Por que a Venezuela não tem papel higiênico?
Algum
Como é que um dos maiores produtores de petróleo do mundo passa por um problema de esgotar um insumo tão básico como papel higiênico?
Oferta e procura. Essa é a questão.
Os fundamentos básicos da teoria econômica explicam os problemas de desabastecimento que atingem a Venezuela.
A economia chavista servirá para ilustrar em teses de doutorado e livros de texto como os controles de preços podem conduzir à escassez. A Venezuela há anos impõe limites de preços a certos produtos básicos para tentar (com êxito zero) controlar a inflação, a mais alta da América Latina e uma das maiores do mundo. O governo de Hugo Chávez impôs preços tabelados para produtos como ovos, açúcar, leite, farinha, frango… e papel higiênico. Em determinados momentos e produtos, esses preços máximos ficaram inclusive abaixo dos custos de produção e praticamente sempre abaixo dos de mercado.
A teoria econômica nos ensina que a oferta de um produto diminui e a demanda aumenta quando os preços são baixos. Simplesmente foi o que aconteceu na Venezuela. Os fabricantes perdem dinheiro produzindo e os comerciantes vendendo alguns desses produtos, o que, somado à desastrosa gestão de algumas empresas nacionalizadas, derrubou a oferta.

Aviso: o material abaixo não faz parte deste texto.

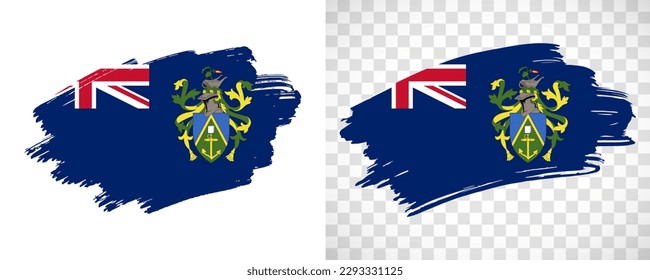 Artistic Pitcairn Islands flag with isolated brush painted textured with transparent and solid background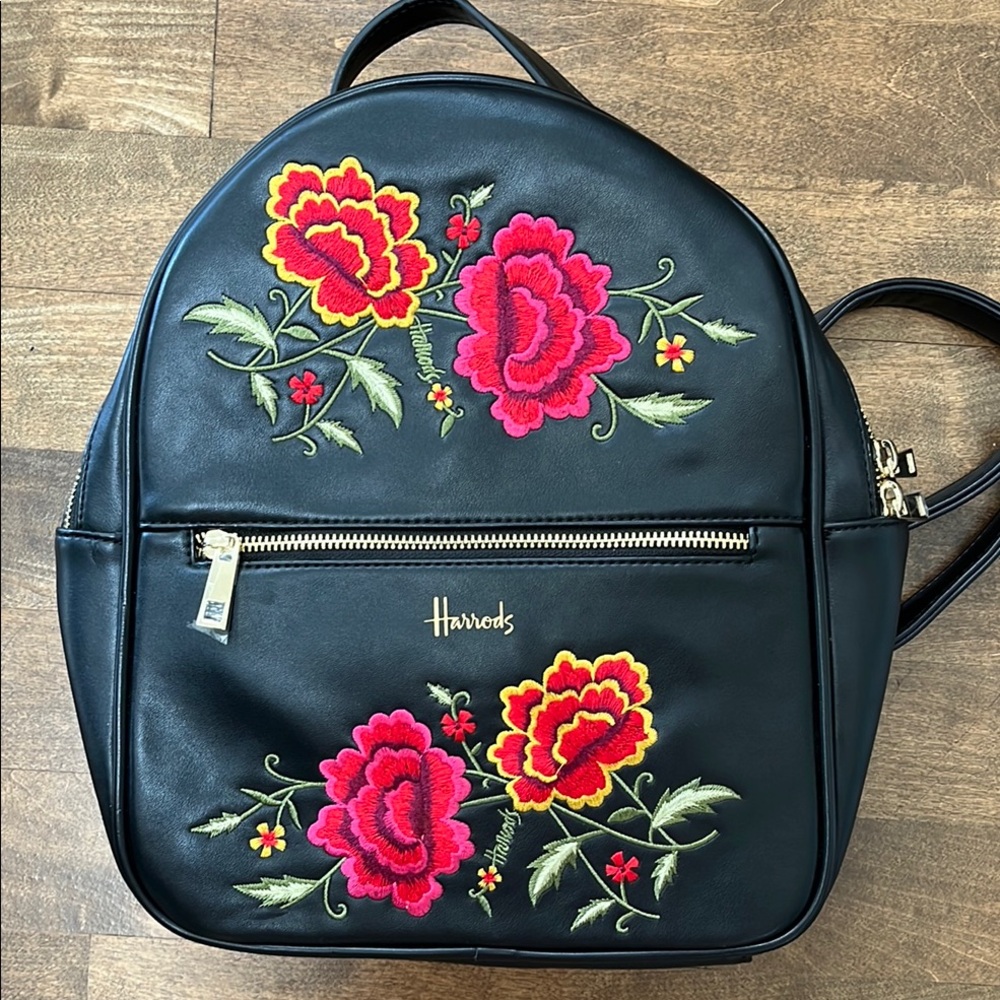Vintage Harrods Black and Red Floral Embroidered Euro Style Backpack LIKE NEW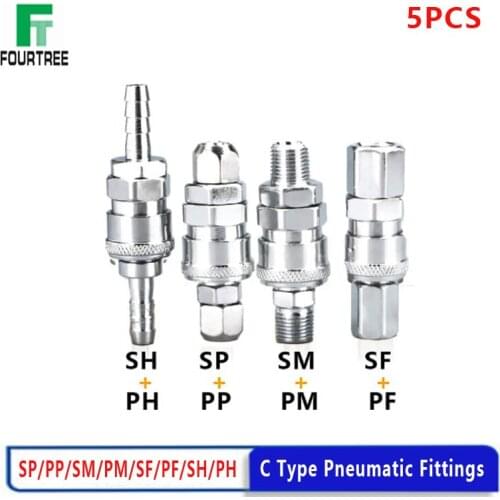 5Pcs Pneumatic Fitting C Type Quick Connector High Pressure Coupling SP SF SH SM PP PF PH PM 20 30 40 Inch Thread (PT) Air Hose
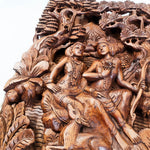 Hand Carved Wooden Hindu God - Ram Sita Sculpture Art Mandir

Ao mesmo tempo, a demanda dos consumidores disparou não só porque os preços são acessíveis em termos absolutos, como também porque o são cada vez mais em termos relativos, já que os preços dos produtos não controlados estão nas nuvens em consequência da inflação galopante.
Oferta e demanda não se encontram. Assim, os produtos tabelados se viram submetidos intermitentemente à escassez, racionamento e monopólio porque seu preço não é de mercado. As importações do Estado e as redes de distribuição estatais, onde a venda com prejuízo é assumida com naturalidade, tentam atenuar o problema. Em um país petrolífero até a gasolina às vezes escasseia, sobretudo a de maior octanagem, em alguns postos de serviço no interior do país. Seu preço é absolutamente ridículo: com o equivalente a 10 ou 20 centavos de euro se enche o tanque.
Mas a desordem da economia venezuelana não se resume ao papel higiênico e demais produtos regulamentados. O principal preço regulamentado é o do bolívar, a moeda nacional, rebatizado como bolívar forte quando se agruparam os antigos bolívares de mil em mil, e cuja fragilidade ficou patente apesar de seu nome.
O preço regulamentar é de 6,3 bolívares por dólar, depois de uma série de depreciações e desvalorizações que fizeram a moeda perder mais de 90% de seu valor oficial durante o chavismo, em um período em que o preço do petróleo se multiplicou por dez.
Um pacote com quatro rolos de papel custa 18 bolívares, preço mantido há muito tempo. Neste ano, a inflação no país já chega a 12,4%. “O custo real do papel chega a ser até quatro vezes maior”.
“Simples matemática: não é possível pedir a um empresário que ele importe ou produza e saia perdendo. Seguimos com esta ideia de manter os preços controlados, quando ficou provada que a competência econômica é fundamental para manter a inflação em um dígito”, explicou à AFP Roberto Léon, presidente da Associação Nacional de Usuários e Consumidores (Anauco).
O presidente da Anauco, organização civil de defesa do consumidor, explica que, por conta da falta de variedade, há muitos anos os venezuelanos deixaram de poder optar sobre a qualidade dos produtos que entram na sua despensa.
“É preciso que o vizinho avise que chegou azeite ao supermercado. Aí você vai correndo comprar, enfrenta fila e descobre que não vai ser possível pegar o melhor”, disse Léon.
53% da planta produtora da Venezuela está sob controle do Estado, como resultado de una política de expropriações.”O estado falha na produção, não atua como empresário. É preciso retomar o papel de supervisor, de regulador, que haja segurança jurídica para inversões”.
Apesar dessa taxa de câmbio oficial, a demanda por dólares na Venezuela tende ao infinito, enquanto sua oferta é muito limitada e controlada pelo governo, o que provocou clientelismo, corrupção e, sobretudo, uma ineficiência econômica generalizada. A taxa do câmbio paralelo, a do mercado negro, beira os 26 bolívares por dólar, mais que quatro vezes o oficial. O principal desabastecimento do país, apesar das receitas do petróleo, é o de divisas. E, assim como os outros produtos, com o dólar será inevitável aumentar o preço. Isto é, desvalorizar o bolívar. Mais uma vez.